Cataloging and acquisition needs to be more about knowing what people are trying to learn, than what materials are available. Yes, we can use data such as circulation statistics and holds to do that, but more powerful is sitting with community members and asking them what they are passionate about, and to tell their stories. Every library should have production facilities to capture oral histories, publish the work of the community, and stream out podcasts of community voices. Remember, knowledge is not about consumption, it is about making meaning, and that comes from conversation. Can I go to your library and hear the voices of your people?
8 A New Library Science
This shift from industrial scale provision of materials to information to knowledge requires a new approach to the study of librarians and library service. A beginning to this approach can be seen in this issue. A knowledge focus – what has been referred to as the knowledge school of thought in librarianship-necessitates the use theory of learning. In particular constructivist[14] concepts of learning. My own work builds on Gordon Pask’s Conversation theory[15] and newer dialectic conceptual frameworks to seek to understand how people build knowledge in a social framework. It is founded on the theory that knowledge construction is a cognitive process shaped by a dynamic social environment.
To truly study libraries, or more precisely librarians and their interactions with communities served, focus needs to be put on learning. It also needs to determine better metrics for participation over use. In other words, we need a library science that understands making meaning is not simply need plus exposure, but a complex interaction of the individual and the community together. We must build on the work of user experience and design thinking to provide platforms for individuals to encounter, understand, and then incorporate materials and thoughts into their own knowledge.

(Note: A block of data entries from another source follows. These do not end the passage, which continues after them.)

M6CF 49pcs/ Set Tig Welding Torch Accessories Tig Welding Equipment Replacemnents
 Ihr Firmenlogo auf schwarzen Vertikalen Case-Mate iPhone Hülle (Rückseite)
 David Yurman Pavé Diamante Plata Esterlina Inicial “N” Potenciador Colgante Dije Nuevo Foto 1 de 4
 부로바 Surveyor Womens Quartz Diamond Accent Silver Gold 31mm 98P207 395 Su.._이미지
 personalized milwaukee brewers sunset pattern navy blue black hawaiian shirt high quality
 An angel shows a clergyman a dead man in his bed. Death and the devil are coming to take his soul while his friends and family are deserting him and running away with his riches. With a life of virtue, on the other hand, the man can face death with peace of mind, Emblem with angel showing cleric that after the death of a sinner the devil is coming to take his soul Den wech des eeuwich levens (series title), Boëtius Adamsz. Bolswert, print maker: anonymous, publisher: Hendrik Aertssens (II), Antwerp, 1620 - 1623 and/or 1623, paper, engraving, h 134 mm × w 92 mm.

The interfaces and systems designed in library science must go beyond modeling people as users that define them only in relation to a system they use. Discovery systems must facilitate searching and direct task integration. Our library systems must shed attempts at universal ways of organizing and presenting documents, and instead focus on capturing and exploiting unique relationships a person makes between documents, ideas, and people. Ontological work, such as FRBR, needs to understand that the determination of things likes works, and instances are definitions of the individuals more so than the materials being described. For libraries to fully embrace semantic web, they must see that semantics is a field about meaning, and that meaning is individual and a constant negotiation between individuals’ knowledge and the social context they find themselves within.
Lastly, shifting to knowledge makes the study of community, cognition, and learning central to library science over user-system interactions and material organization.
9 Conclusion
Ultimately, we do not have users or customers or patrons. We have people seeking to make meaning in their lives. They do that by reading AND writing. They do that by watching AND sharing AND creating. As librarians who adopt a new librarianship, you are now a corps of community engagement activists. Your job is not about materials or buildings...those are tools. Your job is about people, with your community being your true collection. You are not gatekeepers, but rather weavers of community narratives and understandings. You must be brave in bringing together the discordant voices of our members, bold in reaching out of your comfort zone to make those around you comfortable in sharing and learning. This is our time, we are the right profession, and our communities need us. Let’s get started.